# Exercise details
Please retype every entry as written, and keep the pictures out.

[Caption-style text data]
==============================
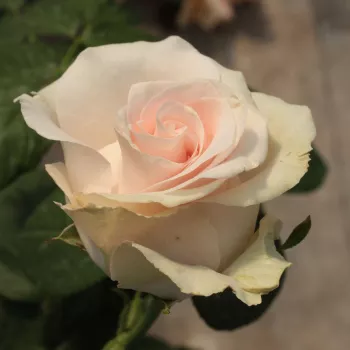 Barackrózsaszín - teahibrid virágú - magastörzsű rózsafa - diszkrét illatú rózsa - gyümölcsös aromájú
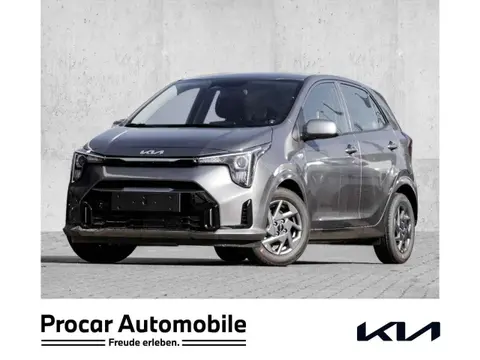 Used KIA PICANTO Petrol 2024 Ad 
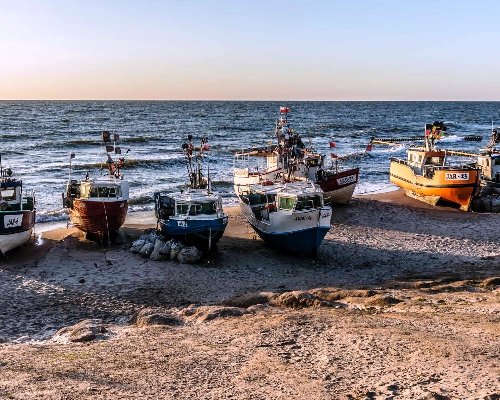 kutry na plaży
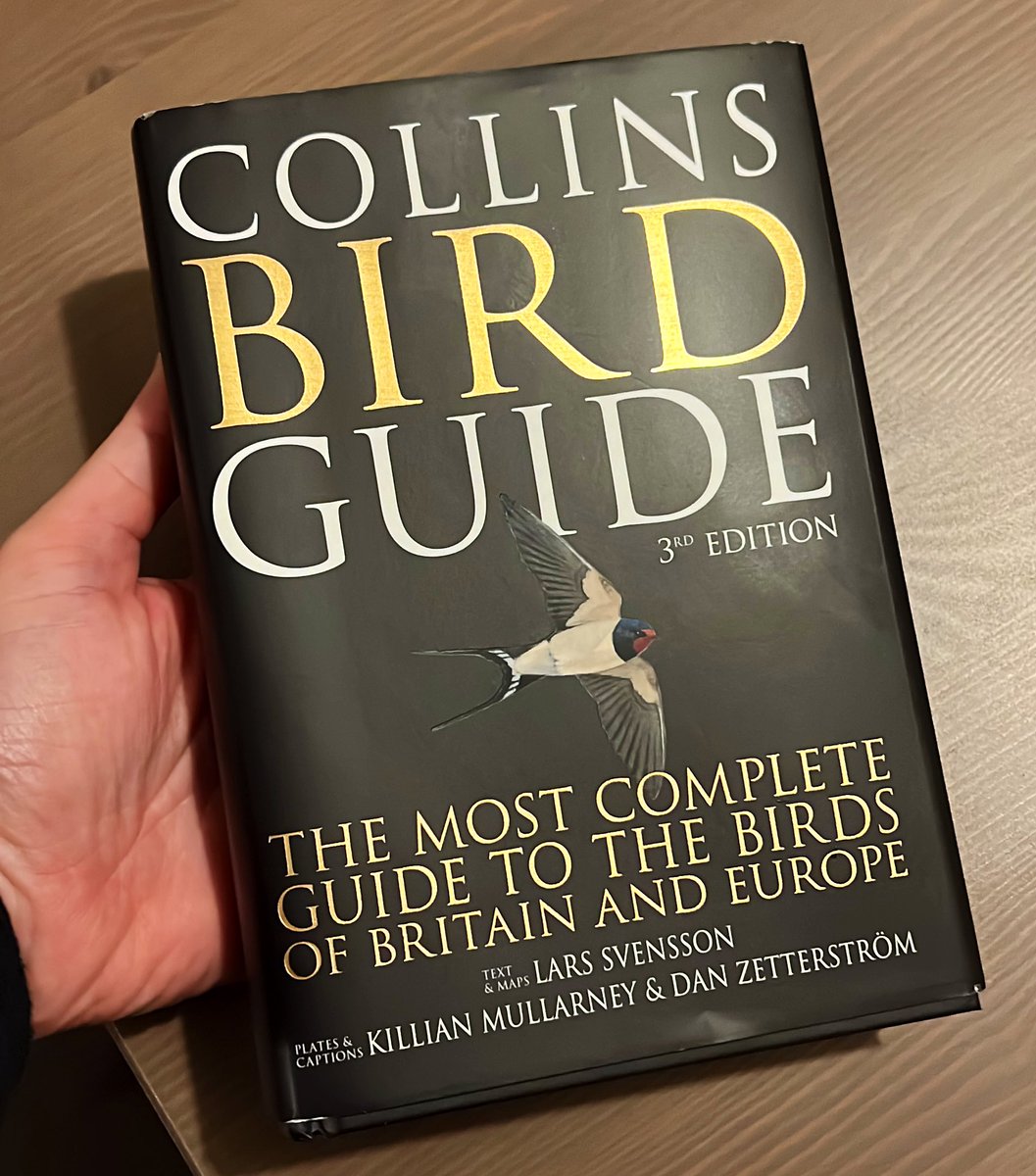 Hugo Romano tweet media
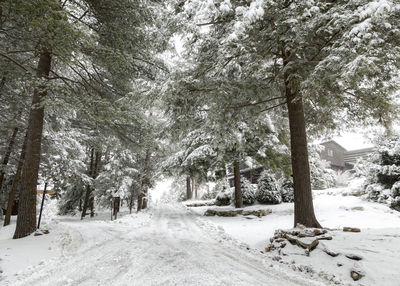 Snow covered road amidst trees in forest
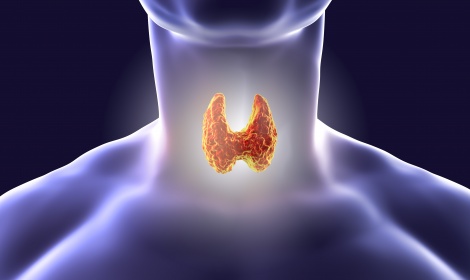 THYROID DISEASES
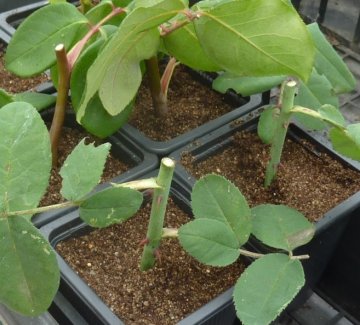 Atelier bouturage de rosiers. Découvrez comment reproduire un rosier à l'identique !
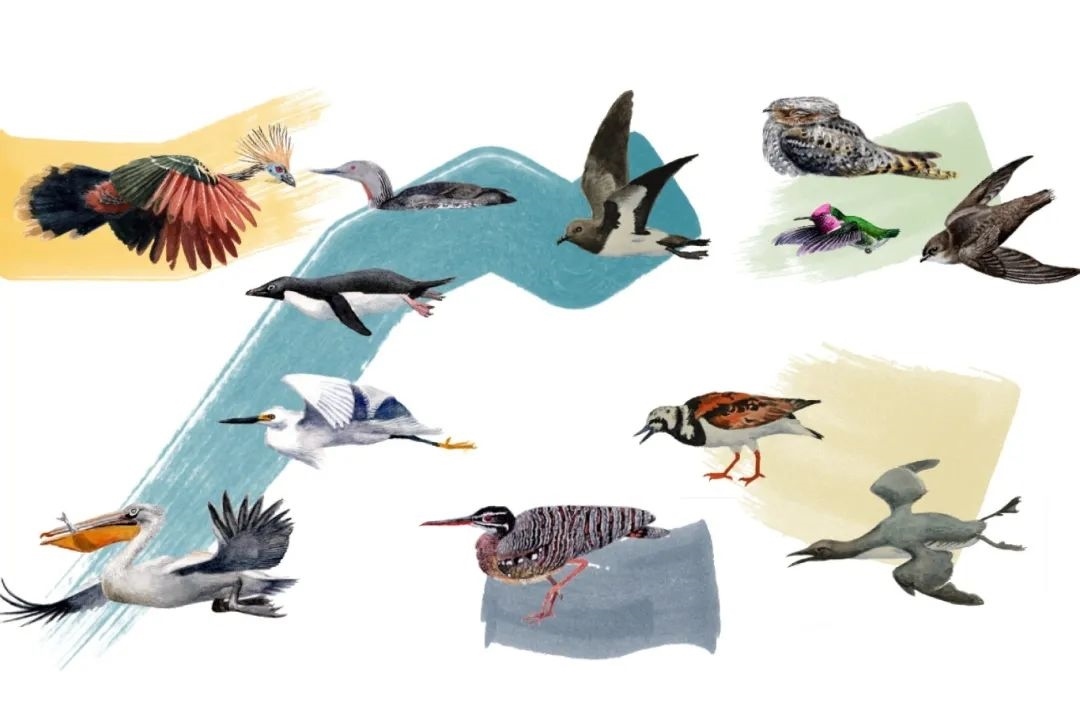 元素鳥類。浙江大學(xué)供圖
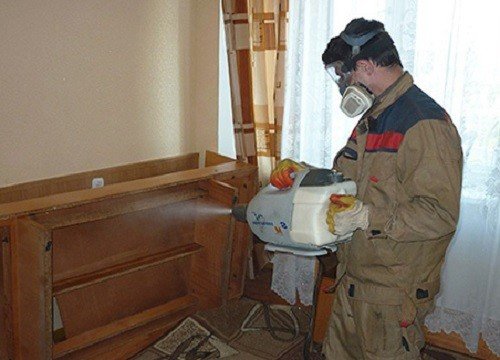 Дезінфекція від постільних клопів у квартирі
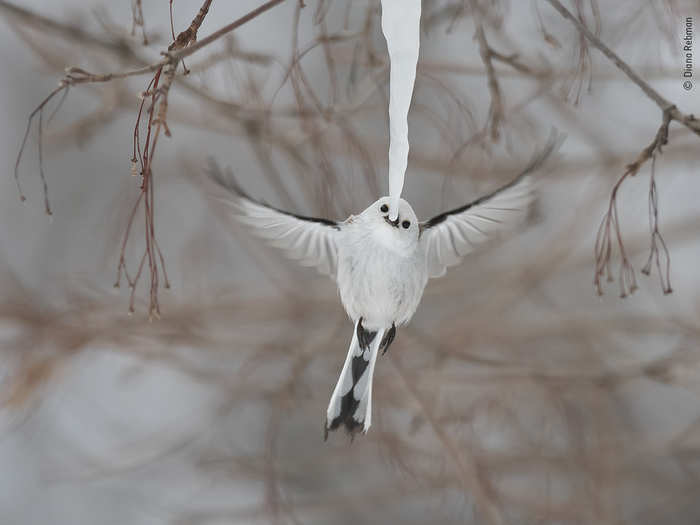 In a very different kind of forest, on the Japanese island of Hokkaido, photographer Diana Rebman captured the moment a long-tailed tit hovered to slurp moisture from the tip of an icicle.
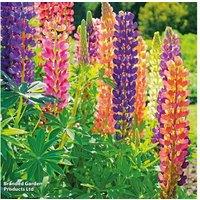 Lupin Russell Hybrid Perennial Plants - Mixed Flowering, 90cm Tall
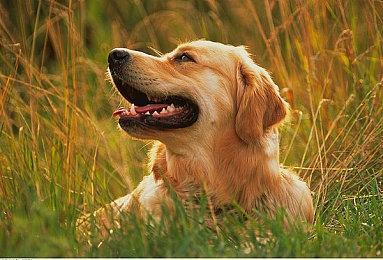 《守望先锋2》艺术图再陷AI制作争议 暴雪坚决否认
==============================
# Problem solution
 Barackrózsaszín - teahibrid virágú - magastörzsű rózsafa - diszkrét illatú rózsa - gyümölcsös aromájú
 Used KIA PICANTO Petrol 2024 Ad 
 kutry na plaży
 Hugo Romano tweet media
 Snow covered road amidst trees in forest
 THYROID DISEASES
 Atelier bouturage de rosiers. Découvrez comment reproduire un rosier à l'identique !
 元素鳥類。浙江大學(xué)供圖
 Дезінфекція від постільних клопів у квартирі
 In a very different kind of forest, on the Japanese island of Hokkaido, photographer Diana Rebman captured the moment a long-tailed tit hovered to slurp moisture from the tip of an icicle.
 Lupin Russell Hybrid Perennial Plants - Mixed Flowering, 90cm Tall
 《守望先锋2》艺术图再陷AI制作争议 暴雪坚决否认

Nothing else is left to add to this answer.